0

The script below (Spark 1.6) aborts with java.lang.NullPointerException, primarily due to the function LAG. Please advise.

from pyspark.sql import HiveContext
sqlc= HiveContext(sc) 

rdd = sc.parallelize([(1, 65), (2, 66), (3, 65), (4, 68), (5, 71)])

df = sqlc.createDataFrame(rdd, ["account_nbr", "date_time"])
df.registerTempTable("test1")

df2 = sqlc.sql("select a.*, case when lag(a.date_time) is NULL then 0 else  lag(a.date_time) end  as prev_date_time from test1 a")
df2.toPandas()

Alternative is to use functions when and isnull under pyspark.sql.functions and floor the lag to 0 if isnull.

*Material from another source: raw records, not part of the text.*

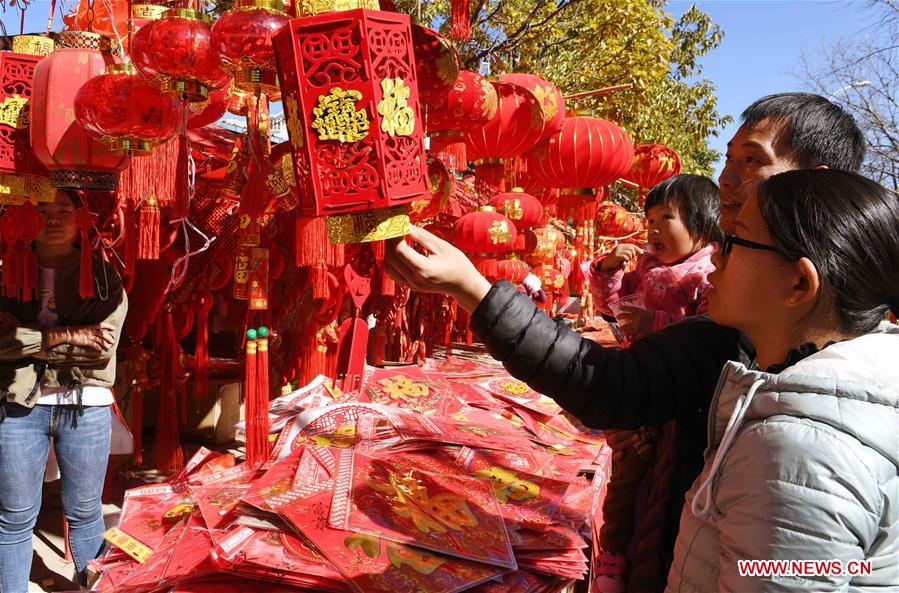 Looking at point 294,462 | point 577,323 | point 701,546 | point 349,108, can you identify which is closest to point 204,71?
point 349,108

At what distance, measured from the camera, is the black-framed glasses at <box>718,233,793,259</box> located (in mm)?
890

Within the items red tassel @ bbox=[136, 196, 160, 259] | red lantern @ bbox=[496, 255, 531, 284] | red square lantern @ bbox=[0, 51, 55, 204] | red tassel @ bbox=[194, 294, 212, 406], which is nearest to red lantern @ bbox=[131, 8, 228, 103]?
red square lantern @ bbox=[0, 51, 55, 204]

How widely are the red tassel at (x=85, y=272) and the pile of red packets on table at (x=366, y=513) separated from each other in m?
0.73

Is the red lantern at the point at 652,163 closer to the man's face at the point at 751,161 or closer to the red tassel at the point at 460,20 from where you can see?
the red tassel at the point at 460,20

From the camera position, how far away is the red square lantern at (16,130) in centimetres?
192

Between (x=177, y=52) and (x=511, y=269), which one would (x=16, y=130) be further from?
(x=511, y=269)

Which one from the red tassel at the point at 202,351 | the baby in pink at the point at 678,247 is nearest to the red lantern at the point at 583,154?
the baby in pink at the point at 678,247

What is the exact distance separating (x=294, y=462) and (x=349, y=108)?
1186 millimetres

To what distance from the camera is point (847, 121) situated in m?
1.31

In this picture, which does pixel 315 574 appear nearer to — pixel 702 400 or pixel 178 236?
pixel 702 400

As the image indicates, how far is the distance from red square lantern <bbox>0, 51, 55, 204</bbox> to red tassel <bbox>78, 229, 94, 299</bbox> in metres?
0.33

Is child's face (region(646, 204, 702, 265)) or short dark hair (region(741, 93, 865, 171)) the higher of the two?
short dark hair (region(741, 93, 865, 171))

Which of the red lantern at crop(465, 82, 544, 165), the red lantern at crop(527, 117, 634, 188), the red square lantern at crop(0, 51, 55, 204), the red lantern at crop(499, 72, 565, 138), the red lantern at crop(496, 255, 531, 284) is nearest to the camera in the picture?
the red square lantern at crop(0, 51, 55, 204)

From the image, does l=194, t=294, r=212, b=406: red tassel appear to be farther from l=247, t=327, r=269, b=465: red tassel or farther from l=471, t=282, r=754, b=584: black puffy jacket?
l=471, t=282, r=754, b=584: black puffy jacket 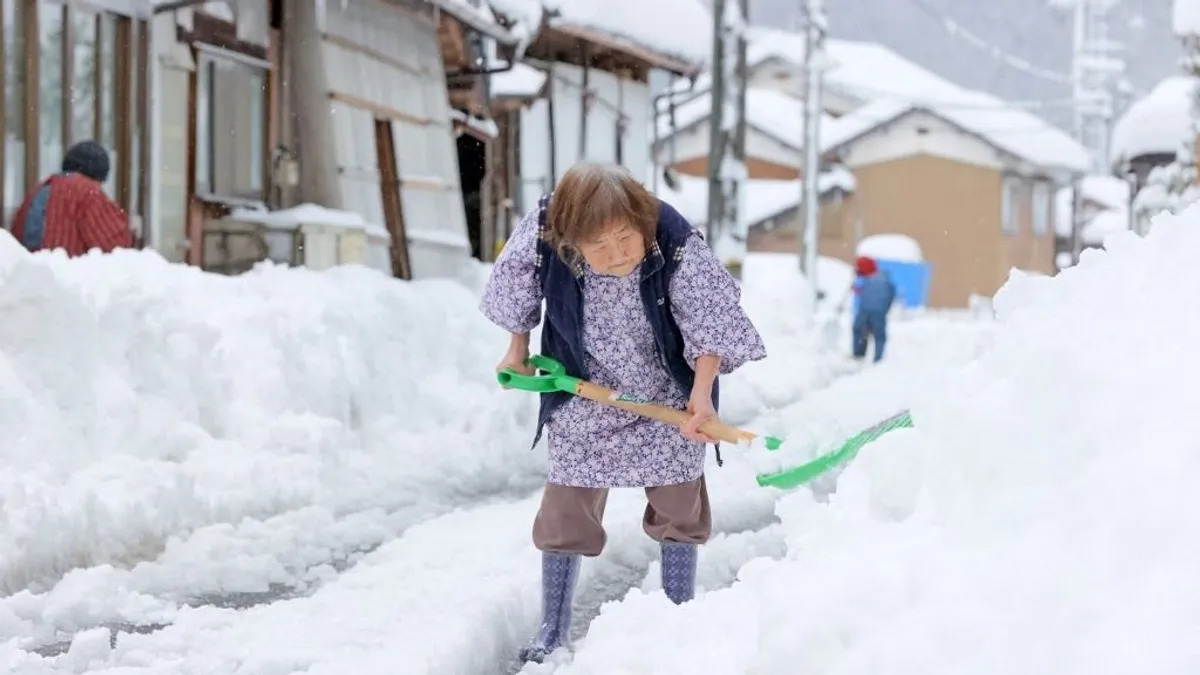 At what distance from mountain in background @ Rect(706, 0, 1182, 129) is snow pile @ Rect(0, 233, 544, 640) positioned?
3618 inches

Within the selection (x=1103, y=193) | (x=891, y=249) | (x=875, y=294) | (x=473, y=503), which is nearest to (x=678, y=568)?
(x=473, y=503)

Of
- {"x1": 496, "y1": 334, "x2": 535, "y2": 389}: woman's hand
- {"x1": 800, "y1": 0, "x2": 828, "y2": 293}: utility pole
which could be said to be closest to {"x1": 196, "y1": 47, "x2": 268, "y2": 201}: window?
{"x1": 496, "y1": 334, "x2": 535, "y2": 389}: woman's hand

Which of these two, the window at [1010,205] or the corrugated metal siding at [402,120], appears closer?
the corrugated metal siding at [402,120]

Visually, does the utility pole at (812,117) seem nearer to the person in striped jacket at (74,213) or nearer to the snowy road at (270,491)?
the snowy road at (270,491)

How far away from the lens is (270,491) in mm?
6445

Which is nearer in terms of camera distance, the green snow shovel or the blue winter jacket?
the green snow shovel

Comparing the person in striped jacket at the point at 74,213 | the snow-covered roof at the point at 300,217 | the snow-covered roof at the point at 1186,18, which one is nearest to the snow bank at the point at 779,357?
the snow-covered roof at the point at 300,217

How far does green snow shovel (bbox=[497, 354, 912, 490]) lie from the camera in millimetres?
3967

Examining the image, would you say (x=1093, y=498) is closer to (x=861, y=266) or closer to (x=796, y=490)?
(x=796, y=490)

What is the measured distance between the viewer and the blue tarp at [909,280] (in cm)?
3547

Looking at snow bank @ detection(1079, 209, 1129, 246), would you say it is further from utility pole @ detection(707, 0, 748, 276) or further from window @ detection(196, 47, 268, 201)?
window @ detection(196, 47, 268, 201)

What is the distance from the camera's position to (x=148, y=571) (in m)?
5.08

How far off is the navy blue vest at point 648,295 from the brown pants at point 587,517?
0.90 feet

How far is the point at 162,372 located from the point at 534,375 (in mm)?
3248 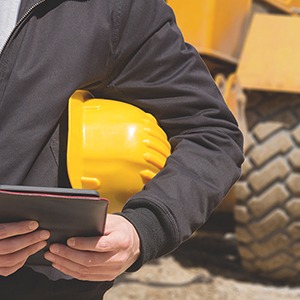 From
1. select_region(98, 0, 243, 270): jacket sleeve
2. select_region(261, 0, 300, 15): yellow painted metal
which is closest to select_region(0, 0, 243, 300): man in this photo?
select_region(98, 0, 243, 270): jacket sleeve

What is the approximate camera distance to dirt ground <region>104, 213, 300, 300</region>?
3.76m

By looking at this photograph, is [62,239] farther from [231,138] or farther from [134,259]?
[231,138]

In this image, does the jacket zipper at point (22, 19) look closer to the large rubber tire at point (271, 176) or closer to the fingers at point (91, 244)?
the fingers at point (91, 244)

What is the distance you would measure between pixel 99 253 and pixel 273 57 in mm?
2397

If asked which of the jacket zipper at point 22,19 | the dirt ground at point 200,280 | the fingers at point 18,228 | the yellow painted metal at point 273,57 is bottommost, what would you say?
the dirt ground at point 200,280

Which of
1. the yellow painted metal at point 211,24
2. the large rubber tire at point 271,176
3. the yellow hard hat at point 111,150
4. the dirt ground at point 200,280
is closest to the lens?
the yellow hard hat at point 111,150

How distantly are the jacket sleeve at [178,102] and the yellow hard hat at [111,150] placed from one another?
0.04 meters

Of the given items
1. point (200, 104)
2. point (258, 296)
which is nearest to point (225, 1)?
point (258, 296)

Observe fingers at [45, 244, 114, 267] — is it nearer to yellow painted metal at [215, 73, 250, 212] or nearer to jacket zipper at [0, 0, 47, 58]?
jacket zipper at [0, 0, 47, 58]

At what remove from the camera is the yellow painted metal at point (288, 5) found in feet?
12.8

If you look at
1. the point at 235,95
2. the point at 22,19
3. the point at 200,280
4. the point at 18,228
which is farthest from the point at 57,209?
the point at 200,280

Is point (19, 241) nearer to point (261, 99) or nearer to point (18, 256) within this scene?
point (18, 256)

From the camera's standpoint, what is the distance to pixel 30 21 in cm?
135

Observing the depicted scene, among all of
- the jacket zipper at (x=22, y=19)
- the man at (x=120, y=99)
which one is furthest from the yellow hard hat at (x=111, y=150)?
the jacket zipper at (x=22, y=19)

df = df.withColumn("prv_date_time", F.lag(df.date_time).over(my_window))
df = df.withColumn("prv_account_nbr", F.lag(df.account_nbr).over(my_window))
df = df.withColumn("diff_sec", F.when(F.isnull(df.date_time -     df.prv_date_time), 0)
                          .otherwise(df.date_time - df.prv_date_time))
  • Can you please post the stacktrace? – Justin Pihony Jun 09 '17 at 17:57
  • >>> df2.toPandas() 17/06/09 14:00:10 ERROR Executor: Exception in task 3.0 in stage 27.0 (TID 193) java.lang.NullPointerException at org.apache.hadoop.hive.ql.udf.generic.GenericUDFLeadLag.evaluate(GenericUDFLeadLag.java:57) at org.apache.spark.sql.hive.HiveGenericUDF.eval(hiveUDFs.scala:255) at org.apache.spark.sql.catalyst.expressions.GeneratedClass$SpecificUnsafeProjection.evalExpr2$(Unknown Source) at org.apache.spark.sql.catalyst.expressions.GeneratedClass$SpecificUnsafeProjection.apply(Unknown Source) at org.apache.spark.sql.execution.Proj – user12345dr Jun 09 '17 at 18:03
  • Don't post it as a comment. Edit your question. – M-- Jun 09 '17 at 21:21

1 Answers1

0

Lag is an analytic function, it gives you access to more than 1 row at the same time, so you need to order over some value. For example, this works:

rdd = sc.parallelize([(1, 65), (2, 66), (3, 65), (4, 68), (5, 71)])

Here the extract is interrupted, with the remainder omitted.